**INSTRUCTIONS TO FOLLOW**
Would you restate, word for word, only the lines starting at the one with "Load image into" and ending with the final line of the entries below? Pictures stay out.

**RECORDS PROVIDED**
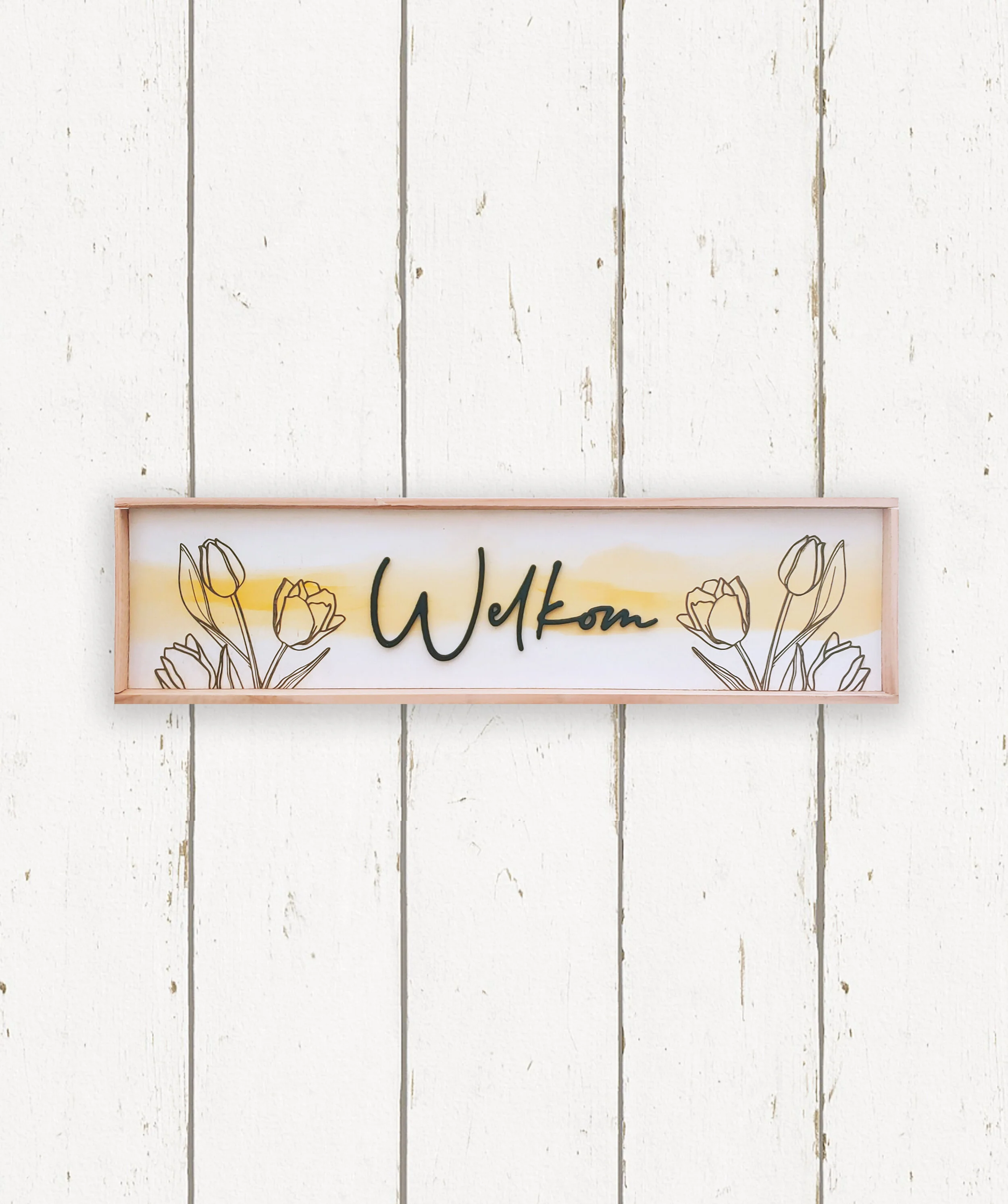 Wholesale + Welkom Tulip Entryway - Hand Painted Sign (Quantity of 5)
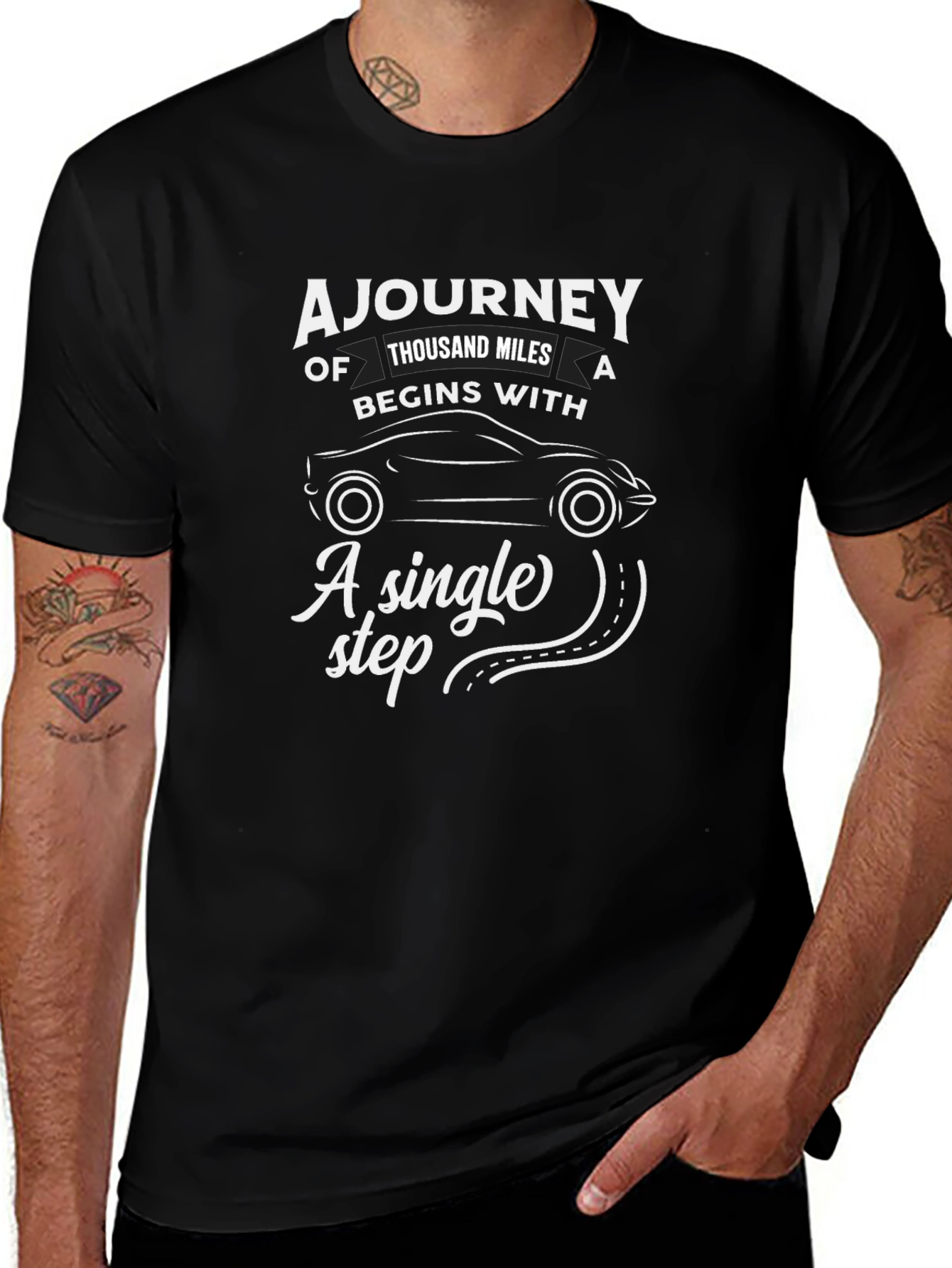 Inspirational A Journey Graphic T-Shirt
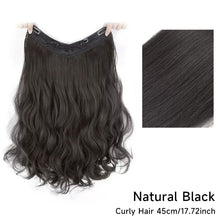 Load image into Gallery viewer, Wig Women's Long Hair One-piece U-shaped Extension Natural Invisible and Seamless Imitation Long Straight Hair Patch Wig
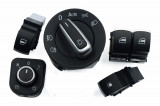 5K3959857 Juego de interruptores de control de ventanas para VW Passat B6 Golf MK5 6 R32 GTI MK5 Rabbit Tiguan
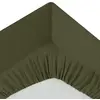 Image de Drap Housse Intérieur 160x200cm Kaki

**TASK SOLUTION**
 Load image into Gallery viewer, Wig Women's Long Hair One-piece U-shaped Extension Natural Invisible and Seamless Imitation Long Straight Hair Patch Wig
 5K3959857 Juego de interruptores de control de ventanas para VW Passat B6 Golf MK5 6 R32 GTI MK5 Rabbit Tiguan
 Image de Drap Housse Intérieur 160x200cm Kaki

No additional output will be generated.